Government to investigate Comet crash
Probe launched as report emerges that OpCapita and its backers charged Comet millions in fees despite the heavy losses
The Department for Business, Innovation and Skills has launched an investigation into the saga of electrical chain Comet's demise.
According to various reports, the Insolvency Service has been given the job of looking into the whole story following a number of complaints by MPs.
Comet was bought in 2011 for just £2 by Hailey Acquisitions, an investment company put together by Henry Jackson of OpCapita.
But it has since emerged that OpCapita and its backers charged Comet millions for fees despite the retail outfit clocking up losses.

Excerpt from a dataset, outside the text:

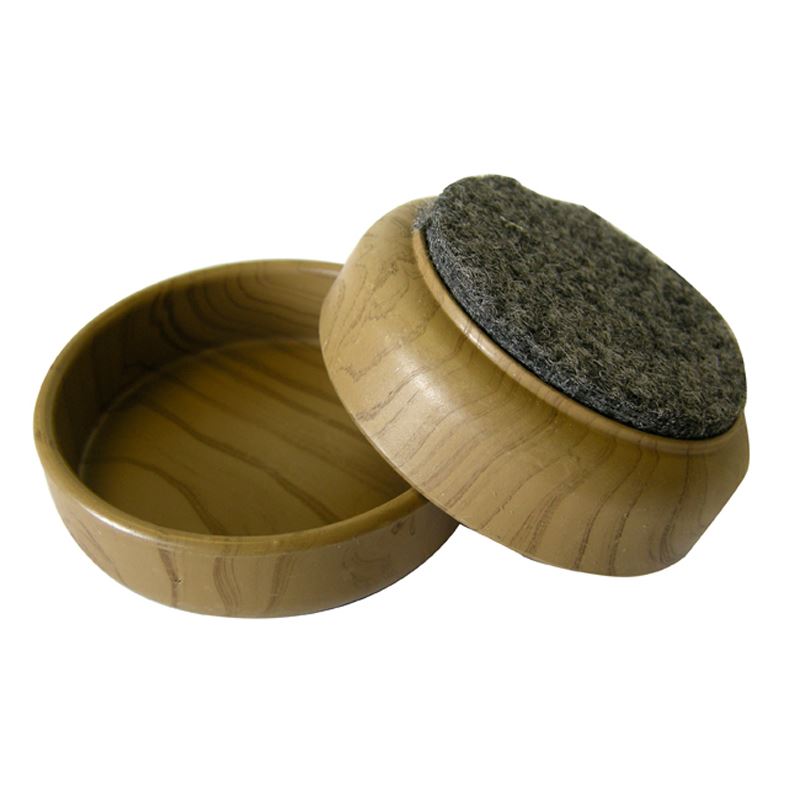 Furniture Castor Cups 60mm Felt Base Dark Wood Grain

The collapse of Comet, which will see its remaining stores close their doors for the last time today, is the biggest UK high street failure since Woolworths in 2008. In total Comet employed just under 7,000 people.

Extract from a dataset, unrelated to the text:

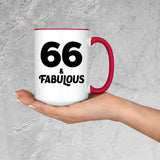 66th Birthday 66 & Fabulous - 15oz Accent Mug Red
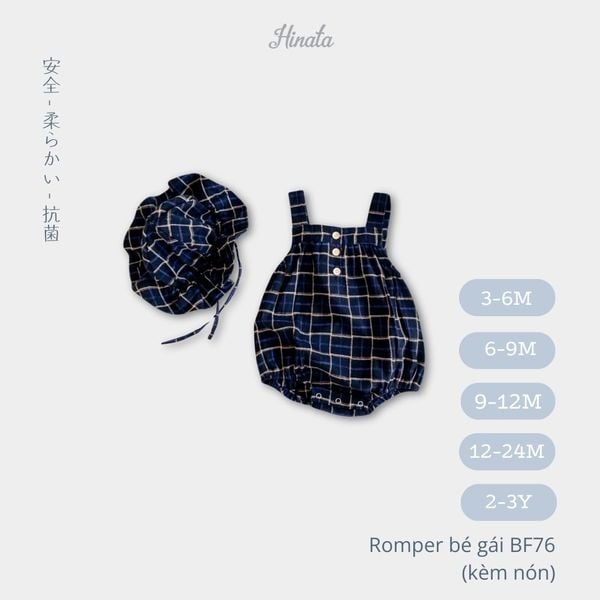  Romper sọc màu xanh cho bé gái BF76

Administrator Deloitte admited it remains in talks with a handful of parties over the sale of the internet business and the Comet brand/locations.
Yesterday it emerged that the taxpayer will have to foot the £49.4m bill for unpaid redundancy and tax payments, as the administrators had failed to raise enough money from the winding down of the company.
Secured creditors such as Hailey Acquisitions will receive just under £50m - a £95m shortfall on the total amount owed, but unsecured creditors such as HMRC and Comet gift card holders will receive nothing, it is believed.